Alas, the documentary still contained a few gems, detailed below:

1. Chief Financial Officer Gary Fayard, responding to his company’s obesity and health-related backlash:

There’s nothing bad in this bottle [of Coca Cola].  It’s pretty much all-natural.  It’s the original energy drink.”

While there are certainly no lethal ingredients in Coca-Cola, there are questionable inclusions.  Firstly, there are copious amounts of sweetener (whether cane sugar or high fructose corn syrup, a beverage containing 40 grams of sugar is far from healthful).  Then, there’s phosphoric acid (which leaches calcium from bones).

The “all-natural” moniker is meaningless.  Poisonous mushrooms are natural; that doesn’t mean they are edible and/or healthful.  Poison ivy is also “all-natural,” but certainly not a plant you want to cuddle with.

Coca-Cola (which has been around since the late 19th century) is the original energy drink?  News to me.  I award coffee with that moniker, which has been consumed worldwide for thousands of years.

2. Coca-Cola executives prefer to refer to their sodas as “sparkling beverages”.  Sad thing is, you know some advertising executive was able to pay off his mortgage in one fell swoop simply because they came up with that euphemism.

3. Coca-Cola executives apparently believe that if “people want to have a little moment of joy,” all they have to do is reach for a bottle of Coca-Cola.
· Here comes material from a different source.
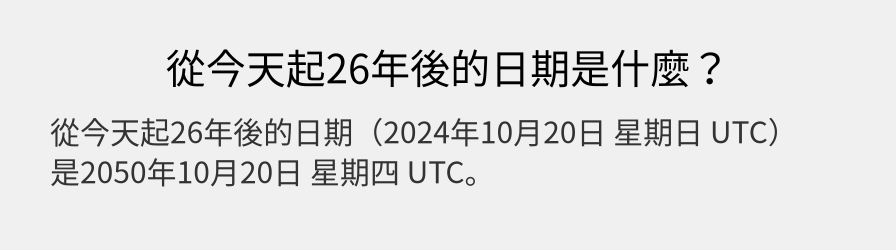 從今天起26年後的日期是什麼？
4. Coca-Cola has an official historian — an employed staff member who, since 1977, has been safekeeping $60 million worth of print ads, bottles, and other memorabilia. Alas, Coca Cola’s secret formula is locked in the vault of an Atlanta bank.
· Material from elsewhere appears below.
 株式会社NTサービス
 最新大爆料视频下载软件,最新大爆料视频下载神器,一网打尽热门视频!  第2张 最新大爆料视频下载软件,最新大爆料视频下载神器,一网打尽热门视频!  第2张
5. Coca-Cola claims to have created “the modern image of Santa Claus”.  As the ever-trusty folks at Snopes.com inform us, that is not true.  Unfortunately, the claim was presented as undisputed fact in the documentary.

6. A Coca-Cola executive gleefully recalls that Coca-Cola was the only soda available to soldiers in World War II.  Consequently, “11 million GIs came back with a keen loyalty to Coke.”  Sure, they also came back with severe cases of PTSD, but, hey, Coca-Cola picked up 11 million loyal customers!
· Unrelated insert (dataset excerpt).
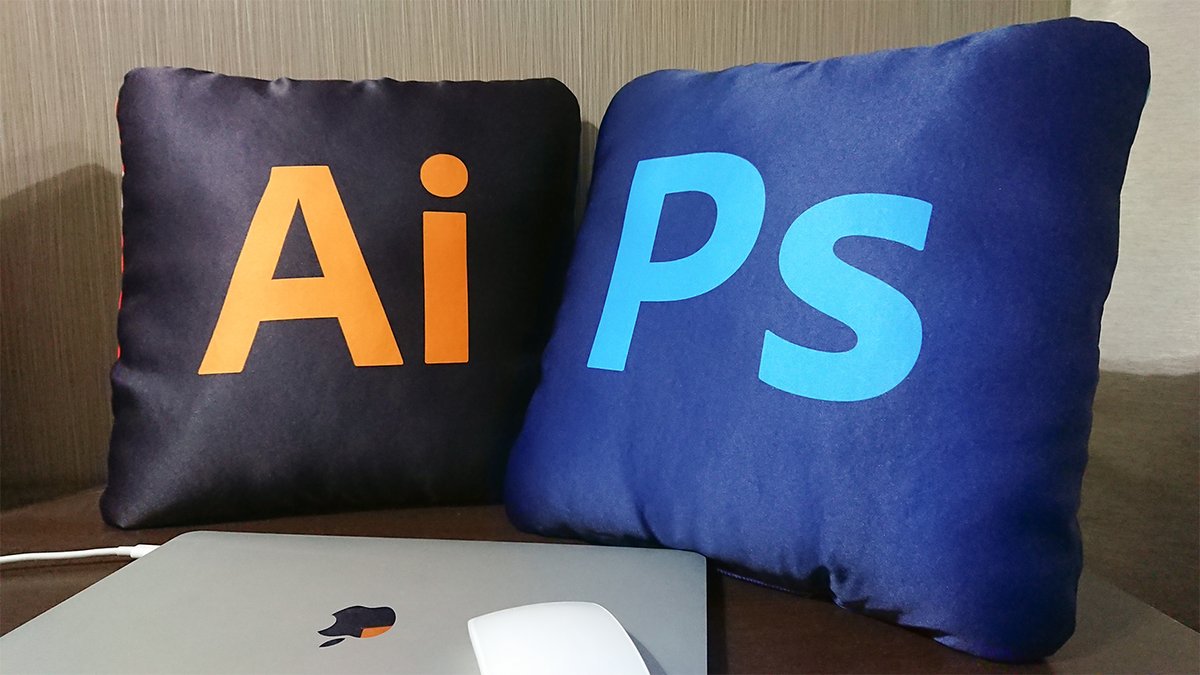 Adobe公式グッズ！ 📙イラレと📘フォトショのアイコン型クッションが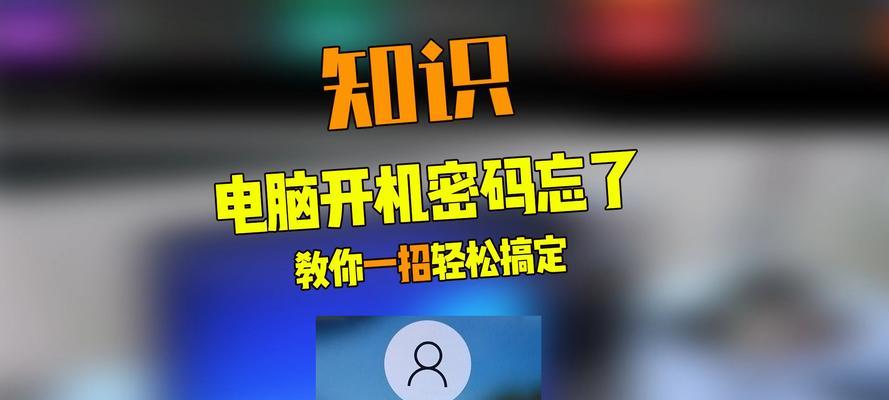 如何关闭台式电脑的开机密码（简单步骤教你取消电脑开机密码保护）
This particularly disturbed me.  Here is a Coca-Cola executive attempting to tug at heartstrings by associating his product with patriotism and support of the troops, all while ultimately caring about “consumer loyalty” and heightened collective awareness of his brand.

7. A good third of the documentary focused on Coca-Cola’s presence in South Africa.  We witness one shopkeeper (whose shop is his front porch in the slums) travel many miles to pick up a supply of Coca-Cola off of a distribution truck, which he then places in a wheelbarrow before heading back through raw sewage and muddy roads to his store.

The President of Coca Cola’s South Africa Business Unit manages to keep a straight face while stating that given the problems that these economically disadvantaged people face, they “need an extra dose of optimism” in the form of Coca Cola.  Insert sound of needle scratching record HERE.

He also claims that “everybody who touches the product” makes money.  We are then treated to images of local residents buying Coca Cola, and testimony from shopkeepers that one of the first things people in this small community do when they earn money is buy the ubiquitous fizzy brown soda.

An extremely rosy picture, but one that I am sure has a kernel of truth in it.  However, the documentary completely glosses over the fact that Coca Cola’s ubiquitousness around the world often comes at a price for local farmers and the economy in third world countries.

Towards the end of the documentary, we hear from more Jurassic executives who giddily talk about the 900 million “potential customers” around the world who they have yet to introduce to their product, and their desire to “make sure [Coca Cola] is within reach.”

As the credits roll, it becomes perfectly clear that CNBC’s promise to “pull back the curtain on the planet’s most recognizable brand” fell flat.